Call it global warming. Call it climate change. Call it wear-a-tshirt-in-January. Whatever you call it, it is one of the most controversial topics of our time. In her latest novel, Kentucky darling Barbara Kingsolver attacks the subject with delicacy and grace. She does it through the lens with which we are most familiar with here on Sustainable Kentucky: the family farm.
Flight Behavior takes us to rural America, to a struggling family farm, and shows us the direct effects of a climate in upheaval. Some of these effects are bad, and some are seemingly miraculous—but all are a sign of something out of balance, something unpredictable and uncontrollable. More than just some scientific information set into a fiction plot, the novel is a very human story—about love, about independence, about identity. As always, Ms. Kingsolver manages to capture the fine intricacies of life in a rural town with such attention to detail that you might think your own home town was under the microscope.

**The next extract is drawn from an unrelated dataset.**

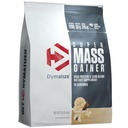 Δυναμώστε τη σκόνη πρωτεΐνης Gourmet Vanilla, 52g πρωτεΐνη, 1g Createine, 1280 θερμίδες, 10.7g BCAAs, 245g υδατάνθρακες, περιέχει πρωτεΐνη Whey, Isolate, και καζεΐνη (16 εξυπηρετούν)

What I appreciate most, however, is the delicate way that she deals with a multi-facted issue. She acknowledges that there is a broad cross-section of world citizens who do not take to heart the warnings of climate change scientists. They believe instead that it is some hoax cooked up to cater to a liberal agenda. Rather than throw those people out as ignorant or arrogant, she really captures the nuances of how they got to such a belief and why they continue to stay there.
I loved this book, and I especially loved that it is written to be enjoyable to someone who falls on either side of the climate change fence. You should definitely add this to your reading list. And if you still haven’t read her non-fiction hit Animal, Vegetable, Miracle, about living off of local food, read it first! It is one of my favorite books of all time.